Identifying the root of our problems

The environmentalists are fighting their fight, the anti-racists are fighting their fight, those who want universal healthcare are fighting their fight, the anti-imperialists are fighting their fight. I could go on and on but the message should be clear . . . we are divided into pockets of struggle, ignoring the very issue that is the root of all these struggles and around which we should all unite . . . CAPITALISM.

While watching Democracy Now! last Thursday, I was struck by an interview with James Cromwell, actor and environmental activist.

For years, Amy Goodman would open her newscast with the comment “talking truth to power.” It’s been years since I heard her make that promise or claim. However, James Cromwell did, in fact, talk truth to power this past Thursday.

Mr. Cromwell had been arrested for an act of civil disobedience in which he and 5 other environmental activists blocked traffic outside the construction site of a gas plant in upstate New York. The activists say the plant would promote natural gas fracking in neighboring states and contribute to climate change.

Mr. Cromwell stated, “We are, all of us, engaged in a struggle, not to protect a way of life, but to protect life itself. Our institutions are bankrupt. Our leaders are complicit.”

Cromwell did what few people have done, either because they are unaware or they are frightened of the consequences in connecting most of our social, environmental, and economic problems on what he calls the disease or the cancer . . . capitalism.

“And it is time, actually, to name the disease. Most people can’t put their finger on the cause of it, but everybody perceives the threat. Capitalism is a cancer.”

Mr. Cromwell went on to further explain his view of capitalism using the above mentioned plant as an example.

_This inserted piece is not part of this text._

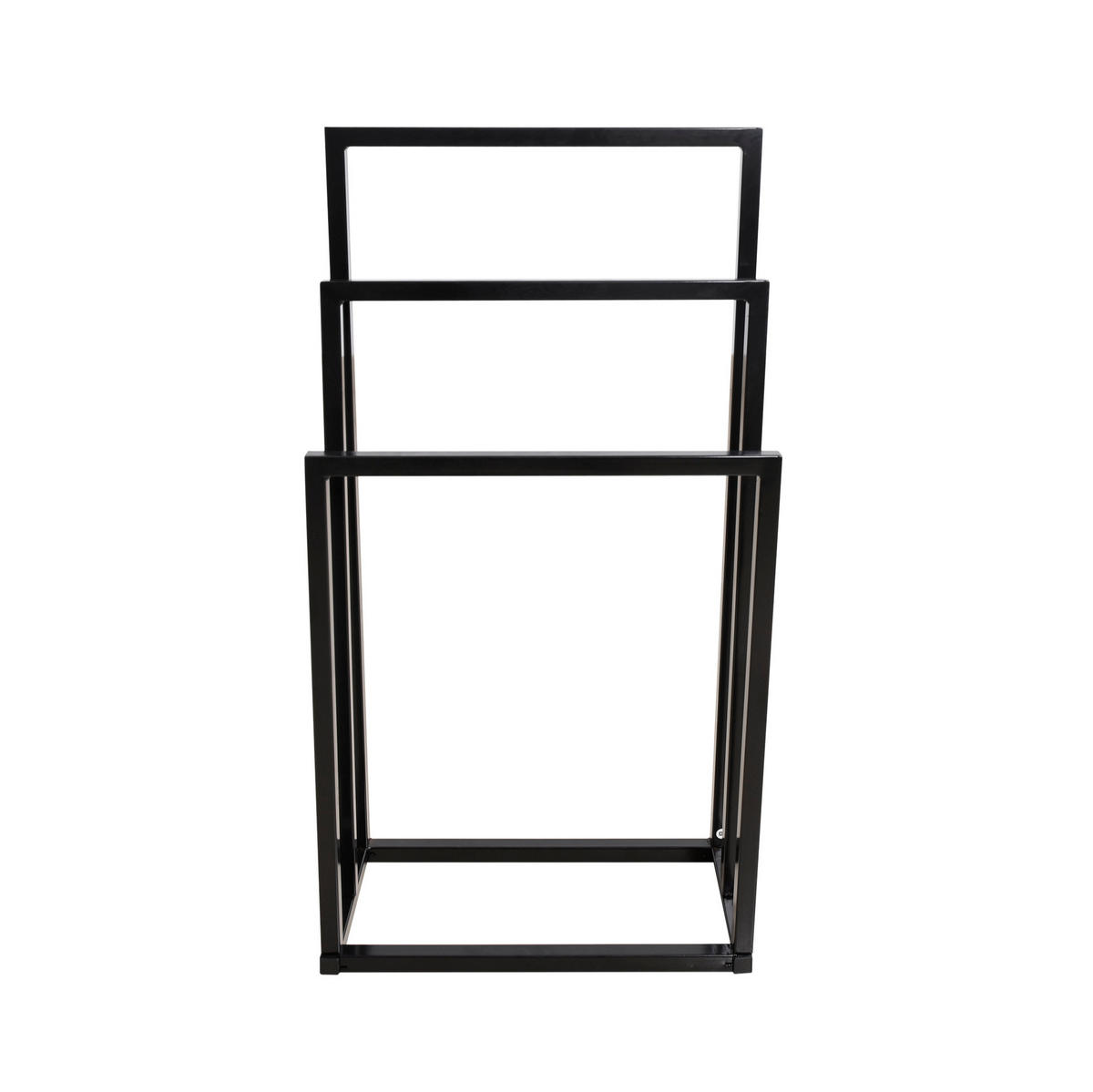 HANDTUCHSTÄNDER 45x22x86cm in Schwarz, 3-stufig freistehend - Schwarz, Metall (22/86/45cm) - Modfu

He was clear when he stated that the extra electricity that would be produced is not needed and that the only reason for this plant is for the companies to create profits.

There is a broader view to the issues than the narrow one we limit ourselves to and Cromwell points that out. He refers to the Middle East and the US government together with other colonial powers like Britain, France, etc., refusing to allow countries in that area to move toward a democracy that would compromise access to the home country’s gas and oil. In other words, what is going on in the Middle East, why there is so much death and destruction, is occurring to ensure that the Western colonial powers maintain their access and control of the rich resources in that area.

Cromwell then went on to explain the reason he participated in this civil disobedience and his willingness to go to jail. “I think going to jail is a statement about how we have to lift our game. It’s no more good enough just to picket and to petition, because nobody is listening. The way people get the message out is you do an act of civil disobedience.”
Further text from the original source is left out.